Das bundesweite Modellprojekt Hart am Limit HALT versucht mit gezielten Maßnahmen, der erstmaligen oder wiederholten Alkoholvergiftungen bei Jugendlichen und Kindern entgegen zu wirken.

Schreibtherapie für ältere Menschen

25 Mai

Menschen, die während ihrer Kinder-, Jugend-, oder auch Erwachsenenzeit traumatische Erlebnisse durchleiden, leiden oft unter lebenslangen psychischen und körperlichen Auswirkungen, wie Schlafstörungen, Gefühle von Schuld und Scham, unfreiwilliges Erinnern und vieles mehr. Dies gilt auch für ältere Menschen, die immer noch unter den Kriegserlebnissen des 2. Weltkriegs leiden. Viele haben noch nie darüber gesprochen oder sich hilfesuchend jemandem anvertraut.

Im Rahmen einer Studie greift die Universität Greifswald dieses Thema auf und bietet vom Zweiten Weltkrieg traumatisierte Menschen über 65 Jahren unter dem Stichwort Schreibtherapie Lebenstagebuch ein Behandlungsangebot an. Die Kommunikation erfolgt über das Internet. Die Studie/Behandlung ist für eine begrenzte Anzahl von Teilnehmer/Innen kostenfrei möglich. Wer mehr darüber wissen will: siehe Schreibtherapie Lebenstagebuch

Zahl der Magersüchtigen steigt

24 Apr

Die Zahl von essgestörten Mädchen und Jungen in Baden-Württemberg wächst weiter. Besonders alarmierend: Laut Sozialministerium liegt die Sterblichkeitsrate bei Magersüchtigen bei etwa 15 Prozent und ist damit bei jungen Frauen die häufigste Todesursache. Die Zahl der betroffenen Essgestörten stieg laut Krankenhausstatistik von 1146 im Jahr 2000 auf 1503 im Jahr 2006. Davon sind mit 1358 hauptsächlich junge Frauen betroffen.

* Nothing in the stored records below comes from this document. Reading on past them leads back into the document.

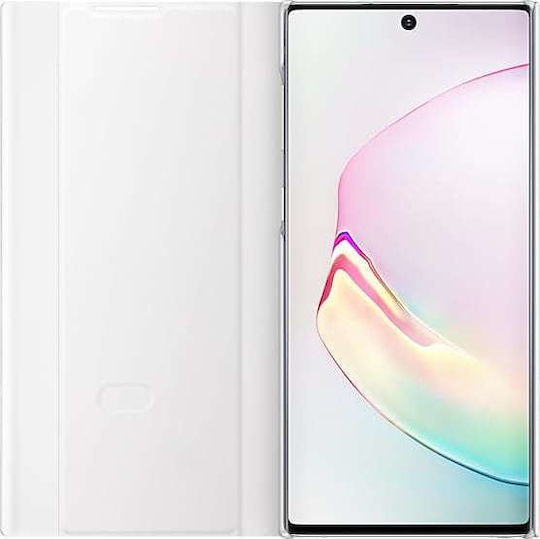 Samsung Book Synthetic Leather / Plastic White (Galaxy Note 10)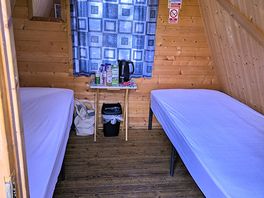 Cosy inside.
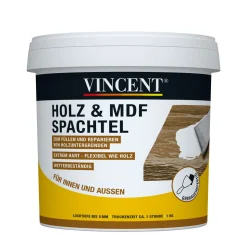Vincent Fertigspachtel Holz und MDF Spachtel 1 kg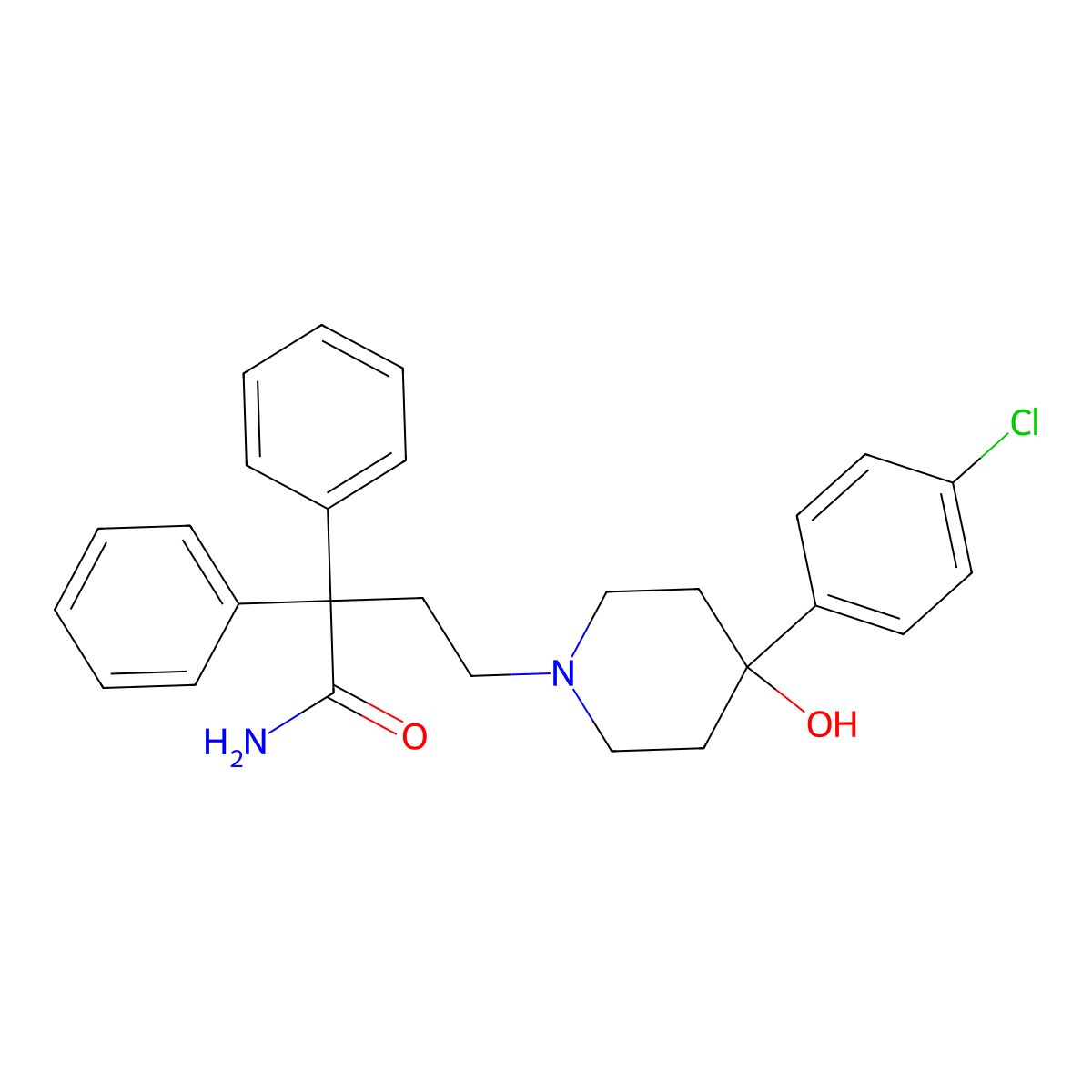 N-Didesmethyl Loperamide molecular structure, CAS 66164-06-5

Die Bundeszentrale für gesundheitliche Aufklärung hat ein bundesweites Beratungstelefon unter 0221-802031 eingerichtet. Darüber hinaus gibt es ein Kinder- und Jugendtelefon unter 0800 – 1110333 und ein Elterntelefon unter 0800 – 1110550

Quelle: Stuttgarter Zeitung online 24.4.08

Macht Laufen schlau?

19 Apr

Der bekannte Ulmer Gehirnspezialist Prof. Manfred Spitzer, Direktor der Klinik für Psychiatrie und Physiotherapie der Hochschule Ulm, belegt durch Gehirnuntersuchungen, dass Sport das Gehirn effektiver macht. Joggen, Turnen oder Radfahren würden bestimmte Gehirnfunktionen optimieren, so zum Beispiel das visuell-räumliches Gedächtnis, die Konzentrationsfähigkeit und würden zu einer positiven Stimmung beitragen. Quelle

Papst trifft Missbrauchsopfer

19 Apr

Es war sicher sehr gut, dass Papst Benedikt XVI auf seiner USA Reise mehrere Missbrauchsopfer empfangen, ihre Berichte angehört und mit ihnen gebetet hatte. Dies wurde von den Opfern als sehr befreiend erlebt. Außerdem hat der Papst deutliche Worte gegen die US-Kirche gebraucht, die viele dieser Fälle über Jahre hinweg vertuscht hatte.